Faint plumes of white smoke were rising above the Île de la Cité—at first, hard to pinpoint. As the smoke turned black and began to catch people’s attention, a classical music student standing on the bank of the Seine river was one of the first to realize what was happening.
“Notre Dame on fire!” she tweeted, with a photo of smoke now billowing out of one of the cathedral’s spires. Firefighters had not yet arrived.
Within moments, journalists at Sky News in London interrupted their broadcast with breaking news—Notre- Dame Cathedral was on fire. It was a story that dominated news coverage for more than a week in Europe.
“We didn’t see it first on the AFP news wire, we saw it first on Dataminr,” said Digital News Editor Adam Parker. “And we didn’t just see it first [on Dataminr], we saw it with some incredible imagery.”

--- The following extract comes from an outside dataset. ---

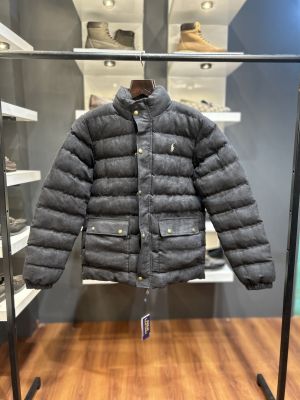 RALPH LAURE N PREMIUM PUFFER JACKET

Based in London, Parker works on a newsgathering team at Sky News, specializing in using social media to source and verify emerging news stories. He and other journalists on the news desk gather visual media, background information and context, which they put on an internal newsroom platform that their colleagues use to build TV stories, social media posts and online articles. Speed and accuracy are essential.
In the case of the Notre-Dame Cathedral fire, it took minutes for the major news wires to issue their first news alert, and even longer for them to begin publishing photos and video.
“Minutes are really important to us. Really, really important,” Parker said. “In terms of actual imagery [from news wires], I think it was a fairly long time—probably tens of minutes, which in our business is quite a long time.”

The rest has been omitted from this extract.